### ABOUT THIS TASK
Pictures left aside, return the lines below exactly, from the one with "金华物联网门? 浙江物联? 金华物联网门? 浙江物联?" to the end, including both ends.

++++ THE DATA

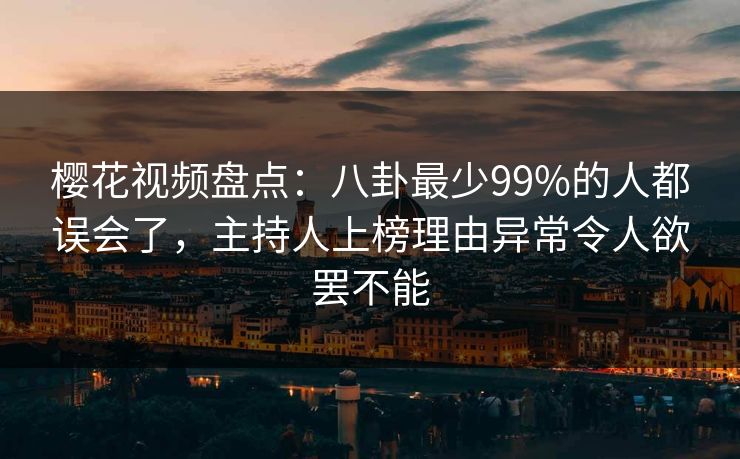 樱花视频盘点:八卦最少99%的人都误会了,主持人上榜理由异常令人欲罢不能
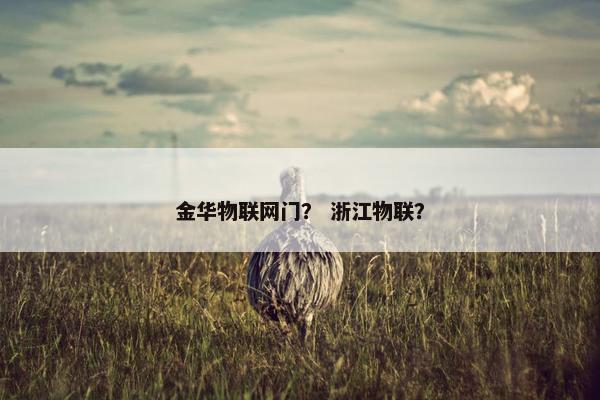 金华物联网门? 浙江物联? 金华物联网门? 浙江物联?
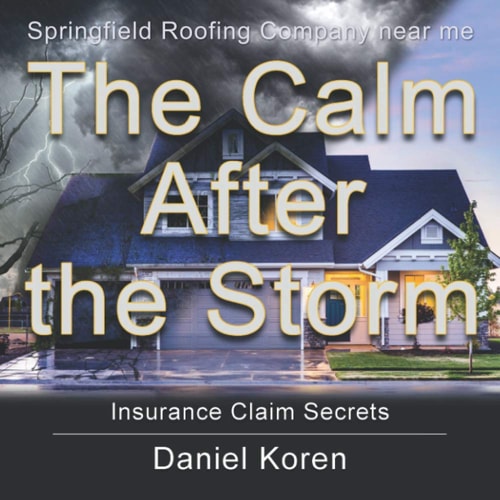 Springfield Roofing Company Near Me The Calm AFTER the Storm How to Understand an Insurance Claim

++++++++

### TASK RESULT
 金华物联网门? 浙江物联? 金华物联网门? 浙江物联?
 Springfield Roofing Company Near Me The Calm AFTER the Storm How to Understand an Insurance Claim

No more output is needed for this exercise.